Мама и Питер живут примерно в полумиле от Тамары, в доме, где я вырос и откуда с церемониями выдворили Норма после происшествия с Анной. На самом деле церемония состоялась спустя несколько дней после его ухода: мать вынесла грязные простыни с места преступления на подъездную дорожку, облила жидкостью для заправки зажигалок и подожгла – прямо под нашим баскетбольным кольцом. Подпалины на бетоне стали нашей контрольной линией и границей площадки.
Пит сгребает листву на лужайке перед домом. Завидев меня, он озаряется улыбкой и машет рукой с неестественным оживлением, которое сразу выдает его состояние.
– Зак, привет! – кричит Питер. – Что нового-интересного?
– Привет, Пит, – отвечаю я, вылезая из машины. – Как жизнь?
– Бьет ключом, и все по голове, – хихикает он. – Крутая тачка.
– Еще бы.
Он бросает грабли и бежит по чуть наклонной дорожке поздороваться со мной, его руки неловко болтаются, как у всех умственно отсталых. Мокрыми губами он чмокает меня в щеку, его щетина мягко царапает мне кожу. Питеру двадцать девять лет, он коренастый, по-своему смышленый и дружелюбный, как щенок. Но каким бы счастливым он ни казался, как бы хорошо ни справлялся с последствиями хромосомной аварии, случившейся при его сотворении, все равно его жизнь несет несомненный отпечаток трагедии. Каждый день для него – как попытка в варежках поиграть на пианино.

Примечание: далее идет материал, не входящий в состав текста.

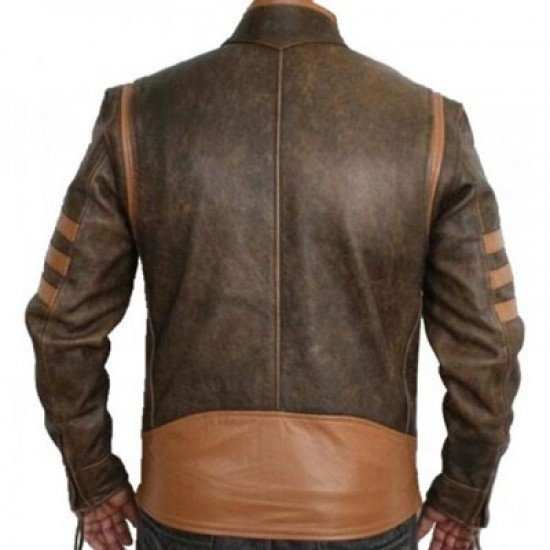 X-Men Wolverine Origins Logan Brown Biker Leather Jacket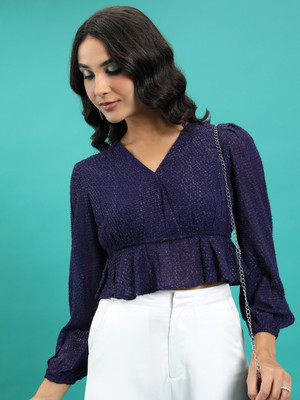 Tokyo Talkies Casual Solid Women Dark Blue Top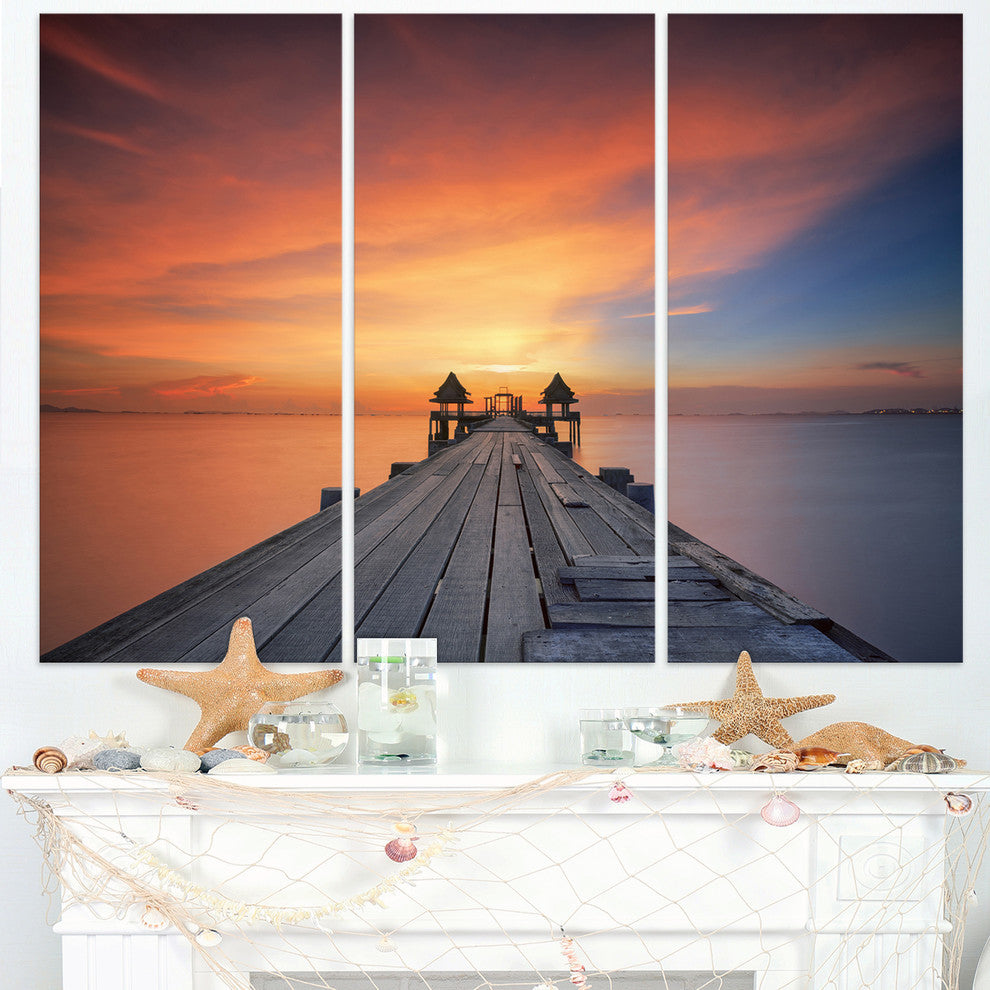 "Wooden Bridge Straight Into the Sea" Metal Wall Art, 3 Panels, 36"x28"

– Я соскучился по тебе, – признается он, и меня пронзает чувство вины. Я мысленно даю себе слово, что буду чаще звонить и непременно приеду как-нибудь в воскресенье, чтобы с ним пообщаться. Невозможно любить умственно отсталого, не испытывая чувства вины.
– Я тоже по тебе соскучился, – отвечаю я, обнимаю его за плечи, и мы шагаем по лужайке к дому. – Поэтому и приехал тебя проведать.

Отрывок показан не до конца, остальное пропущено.